Care was taken to use two separate random number generators; one for generation of the data set and one for the polynomial coefficients. If the same random number generator is used in both cases, results may be biased by the deterministic nature of the random number algorithms. Patterns in the random numbers may correlate the data and polynomial coefficients in unpredictable ways. Experimentation determined that best results are achieved by using two different random number generators. We experimented with the random number generator that comes supplied with Microsoft Visual Studio (2000), one written by Matsumoto and Nishimura, and a third one written by Cheng (1978). (See Cheng: “Generating beta variatew with nonintegral shape parameters,” Comm. ACM, 21: 317-322, 1978; herein incorporated by reference.)
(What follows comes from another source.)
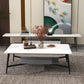 4 Legs Slate Cocktail Table Shelf Included Rectangular Coffee Table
In addition to the random number generators, there should be a reliable source of random number seeds. Using the system clock, as is popular in many other settings, does not work well in this situation. A peculiar feature of some random number generators is that similar seeds produce similar sequences of random numbers. This is highly undesirable, especially if many experiments are performed close in time. We found that a natural source of random numbers, such as atmospheric noise or particle decay, make excellent seeds. We experimented with several such online sources (See Walker: HotBits http://www.fourmilab.ch/hotbits/, 1999; incorporated herein by reference.), and achieved substantially better results as compared with using the system clock as a seed. We wrote a seeder class to retrieve the next seed in the seeder file, which is downloaded for each run from one of the online sources. The header prototypes for this class can be seen in Table 9.
We compared two different evolutionary strategies with two common hashing techniques (see Table 4). The first strategy involved evolving a single polynomial to a data set using the method described above. If a data collision occurred, linear rehash was applied to the data until each data item was placed into the array. The second strategy that was investigated was double hashing—two polynomials were “mated” that had performed well in the environment. These two polynomials were used as double hashing functions. If there was a collision using the first polynomial, the data was rehashed using the second polynomial. Any collisions that remained were rehashed using the linear technique.
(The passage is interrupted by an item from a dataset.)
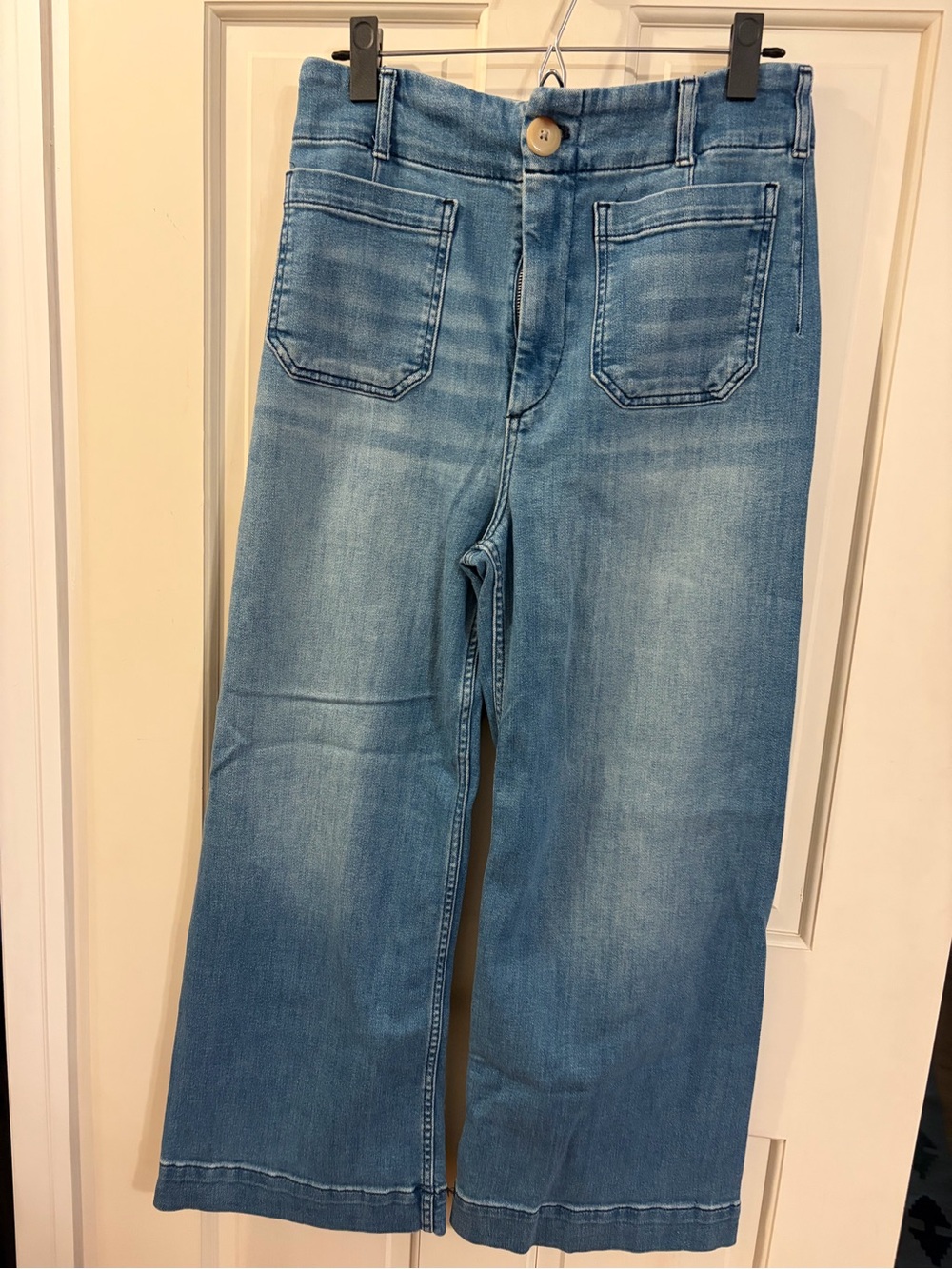 Maeve Light Blue Wide-Leg Jeans with Front Patch Pockets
Two different types of data sets were tested—a random data set and a structured data set. The random data set was regenerated using a random number generator for each run of the algorithm, and the structured data was generated using a predetermined formula. The formula used was an algebraic combination of several elementary functions. This was done to investigate the affects of structure on the evolutionary methods. Non-random structure in the data can lead to clustering that is more severe than clustering in random data.
The two hashing techniques that the evolutionary strategies were compared against were pseudo-random number generator and simple division-remainder. In the first method, the data was used as a seed to the random number generator, and the next random number in the sequences was used as the hash value. In the second case, the data was simply divided by the size of the hash table, and the remainder was used as the hash value.
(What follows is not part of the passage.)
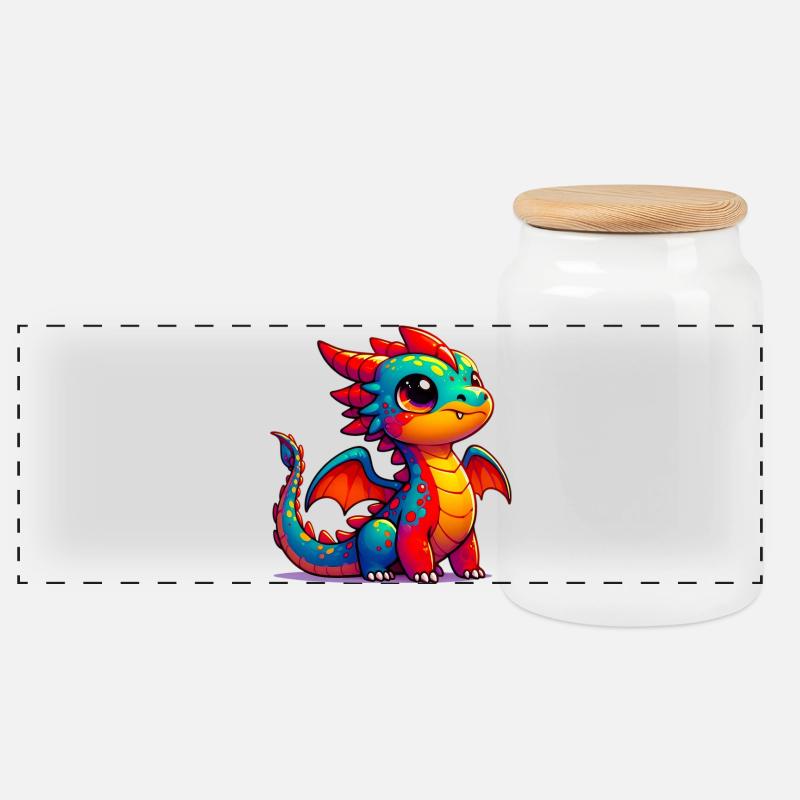 Drache - Panorama Keksdose mit Holzdeckel - Weiß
Some important constants that were used in the implementation of the algorithm are listed in Table 3.
Table 9 contains the header prototypes for the hashing table class and the seeder class.
The evolutionary strategy has proven to be very successful in finding polynomials with efficient collision frequencies. The evolved polynomials have consistently better collision frequencies than the other two hashing techniques that were studied. The success of the evolved polynomials is more dramatic for larger data density. This indicates that the evolved polynomials spread the data out more uniformly along the array than the other hashing strategies tested. This is important because it reduces the amount of data clustering, which is in general the largest performance deterioration when using hashing data organization.
Table 5 and
It is clear from the results in Table 5 and
Naturally, more hash table probes are required to determine if a data element is not in the array. This situation becomes more dramatic as the density of the data increases. The reason for this is simple—when the hash table is nearly full, the hashing algorithm needs to consider almost all of the hash entries until it can determine that a particular data element is not present. This condition is referred to as “unsuccessful” hash table access by Tenenbaum et al. (1990), and our average values are reported in Table 6 and
Our results with the pseudo-random number generator and simple division-remainder are consistent and comparable to the results of Tenenbaum et al. (1990). He reports the average number of probes for both strategies for both successful and unsuccessful retrieval. This gives confidence to the accuracy and correctness of our hashing code.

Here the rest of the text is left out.